Politiques publiques et évolutions réglementaires favorisent l’essor de la gestion ISR. Mais pour que l’offre rencontre la demande, pédagogie et accompagnement sont toujours plus que nécessaires.
« 2023 marque une bascule pour l’industrie de la gestion d’actifs en Europe », relève le dernier observatoire de la gestion ISR de Quantalys. Avec environ 4550 Md€ d’encours, les fonds ISR ont vu leur poids multiplié par 13 sur les 5 dernières années pour représenter, l’an dernier, près de la moitié du marché de la gestion en Europe. L’approche ESG infuse toutes les classes d’actifs, actions et obligations en tête. Sans surprise, le poids de la gestion passive croît aussi, avec 450 ETF ESG distribués fin 2023, soit 7 % de la gestion ISR. Une bascule que Quantalys attribue notamment aux politiques publiques visant à favoriser le fléchage des capitaux vers les besoins de financement en Europe pour accompagner les grandes mutations technologiques, démographiques et climatiques, mais aussi aux évolutions réglementaires ou encore à la prise de conscience des investisseurs pendant les différentes crises récentes. « Dans un environnement économique, financier et géopolitique peu prévisible, l’analyse extra-financière fait figure de boussole pour anticiper les risques et identifier les entreprises résilientes », appuie Simon Lolmede, fondateur du cabinet Origami Groupe. Néanmoins, après une année 2023 déjà très mitigée, les fonds ISR subissent depuis décembre d’importantes sorties nettes selon les données de Quantalys, et ce, à contre-courant des fonds non ESG. Et la conversion des clients privés à la finance responsable reste lente. Certes, l’accès aux fonds ISR est facilité par leur référencement croissant dans les contrats d’assurance-vie et les PER. Quantalys recense en moyenne 300 fonds ISR par contrat, soit 3 fois plus qu’en 2021. Mais les épargnants exprimant spontanément une volonté de durabilité dans leurs allocations restent minoritaires. D’ailleurs, selon une enquête AMF OpinionWay réalisée il y a un an, 72 % des sondés ne savent pas comment investir de façon responsable et durable. « Il y a toujours beaucoup de pédagogie à réaliser, qui plus est depuis l’intégration de critères extra-financiers dans le questionnaire client, pour expliquer ce que signifient la durabilité et ses différentes notions, souligne Simon Lolmede. Il faut aussi les éclairer sur la compatibilité entre performances financières et extra-financières. »

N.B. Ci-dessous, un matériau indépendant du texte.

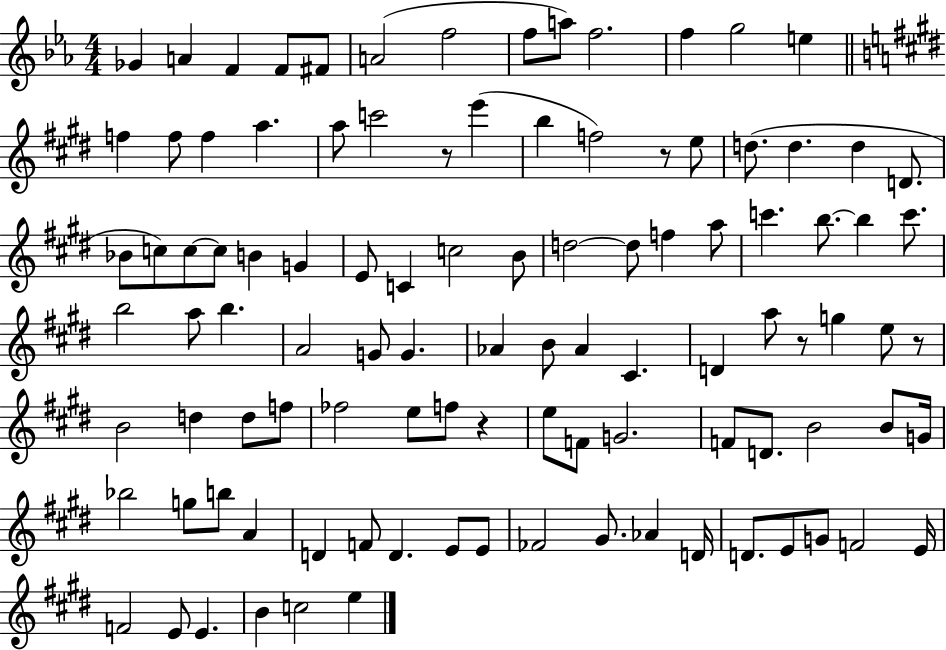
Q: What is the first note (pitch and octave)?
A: Gb4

Pour une meilleure compréhension, les professionnels appellent aussi de leurs vœux davantage de transparence, un accès à des données de qualité permettant de quantifier – selon des normes à établir – la durabilité, mais aussi une harmonisation réglementaire. De l’avis des professionnels, le nouveau référentiel du label ISR, par exemple, va dans le bon sens… sous réserve du bon déroulé des procédures de contrôle. Or, selon la dernière étude d’Epsor, 49 % des fonds labélisés fin 2023 ne respectaient pas les critères de la nouvelle version.
« Pour répondre aux enjeux de durabilité, la réglementation doit encore accélérer. Mais cela ne pourra pas se faire sans une bonne compréhension de ces règles par les CGP », ajoute Simon Lolmede. Depuis 18 mois, ceux ayant le statut CIF doivent déjà intégrer des critères de durabilité dans leurs questionnaires clients et proposer à ces derniers des produits en adéquation avec leurs préférences extra-financières… ce qui peut s’avérer complexe pour nombre d’entre eux. « Exclure les fonds classés article 6 SFDR est une première étape indispensable. Mais ensuite, analyser et sélectionner les fonds avec une approche ESG voire durable est extrêmement chronophage et coûteux. Les CGP ont donc besoin d’être accompagnés », insiste Simon Lolmede. C’est notamment l’une des missions des Acteurs de la Finance Responsable. De son côté, Epsor analyse annuellement depuis 4 ans, sur la base de données Morningstar, la composition des fonds actions domiciliés en France (861 dans la dernière mouture) avec le calcul d’un score impact exprimant leur engagement en faveur de la transition écologique, et, à la clé, le Top 25 des fonds les plus engagés. Les membres de la CNCGP peuvent, de leur côté, désormais s’appuyer sur le guide pratique sur la durabilité que l’association professionnelle vient de publier, en complément des actions et formations déployées depuis 2022.